▸ Given data
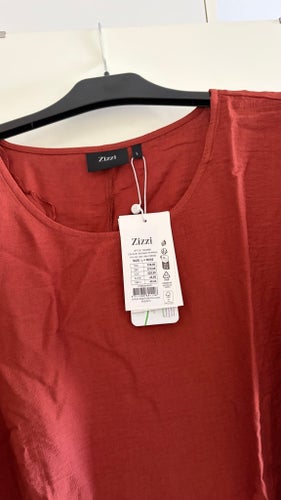 Zizzi rostfärgad klänning, storlek L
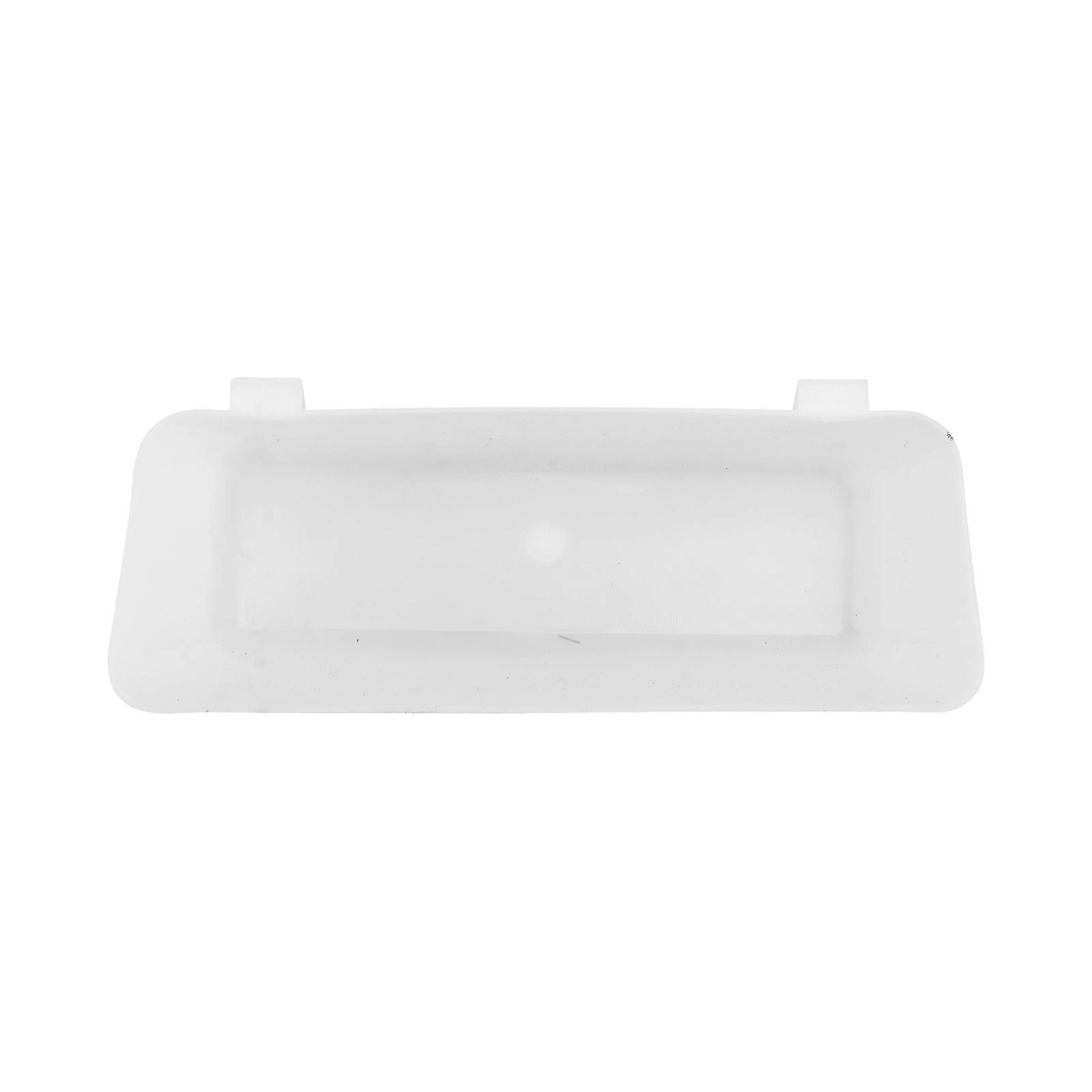 Trough Feeder Bird Cage Accessory Hanging Feeder Prevent Food Contamination Rectangular 10Pcs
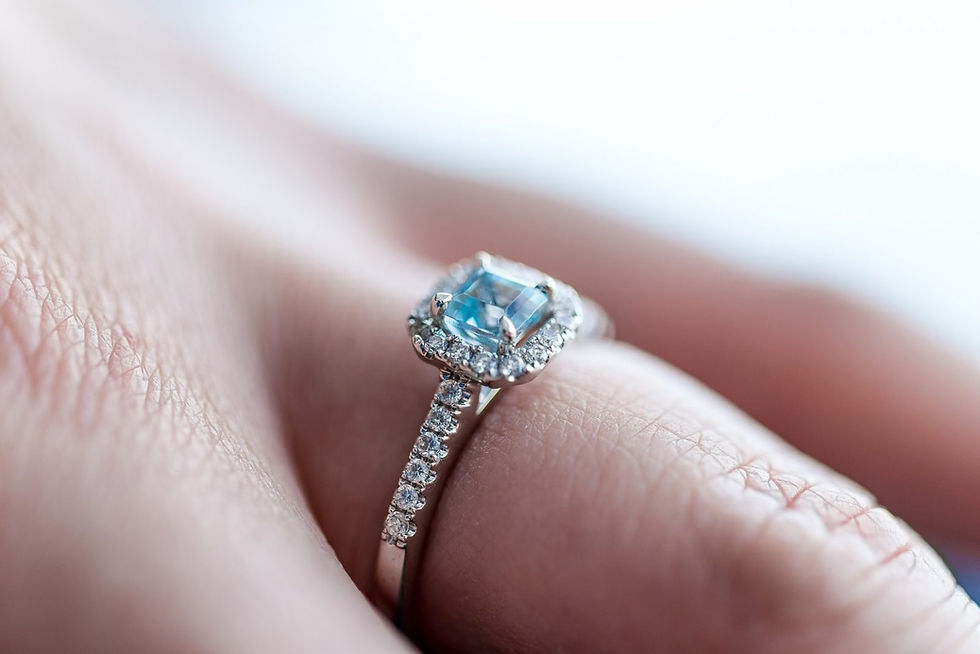 Halo Rings: Now & Then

▸ Task description
Skip the images and set down the rest of the data unchanged.

▸ Solution to the problem
 Zizzi rostfärgad klänning, storlek L
 Trough Feeder Bird Cage Accessory Hanging Feeder Prevent Food Contamination Rectangular 10Pcs
 Halo Rings: Now & Then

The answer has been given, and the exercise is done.